If you were in our shoes, would you say yes?
We love to meet people of all ages and to partner with schools and families and organizations in the community. We know that small nuggets of information can sometimes help people stay safer or help their kids stay safer. But short cuts and tidbits don’t solve deeply entrenched social problems. We need more than 20 minutes. And we want to share why.
Parents intuitively understand that when the stakes are high for their child/teen, they need comprehensive training. No parent would consider a 20-minute Driver’s Education course sufficient training – the consequences of unsafe driving are enormous.
Similarly, we need to acknowledge that the stakes are also very high when the topic is personal safety: bullying, relationship abuse and physical aggression. Our young people deserve more than a program that only scratches the surface.

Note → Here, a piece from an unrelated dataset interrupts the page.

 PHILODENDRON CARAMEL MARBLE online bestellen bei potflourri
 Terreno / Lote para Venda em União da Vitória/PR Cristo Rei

Violence prevention is complex and deep. There are no easy answers or quick fixes. There is no magic checklist of behaviors that prevent one from being targeted for street crime or intimate partner violence.
Best practices for violence prevention programs strongly recommend long-term (12 hours or more) experiential learning to allow for appropriate layering and integration of concepts. While we know that longer programs require more commitment from participants and that they can be more difficult to fit into a school schedule, we know that the topic of safety is worth the investment of time and resources.
Prepare’s violence prevention and self-defense programs are at their best when we can engage participants in a multi-disciplinary inquiry that brings this complex subject into focus. We encourage students to connect their own experiences to classroom role-plays and exercises. Instructors utilize current events and historical context to build a social framework for the root causes of violence. Students gain confidence in communicating clearly and setting boundaries while managing adrenaline responses. Body mechanics and physics come into play by learning and enacting last-resort self-protective actions that feel viable regardless of age, size, gender, or ability level. Psychology, sociology, prevailing cultural norms, and advertising all influence what people believe about themselves. We explore how others can manipulate beliefs about who we are, our capabilities, and our sense of worth, and consider how we form our beliefs about others.
Tips are simplistic and not useful. What does make sense is understanding the roots of violence, learning what works to interrupt aggression, practicing and integrating verbal and physical skills, and developing self-knowledge and embodied confidence.
You get it. That takes more than 20 minutes, right?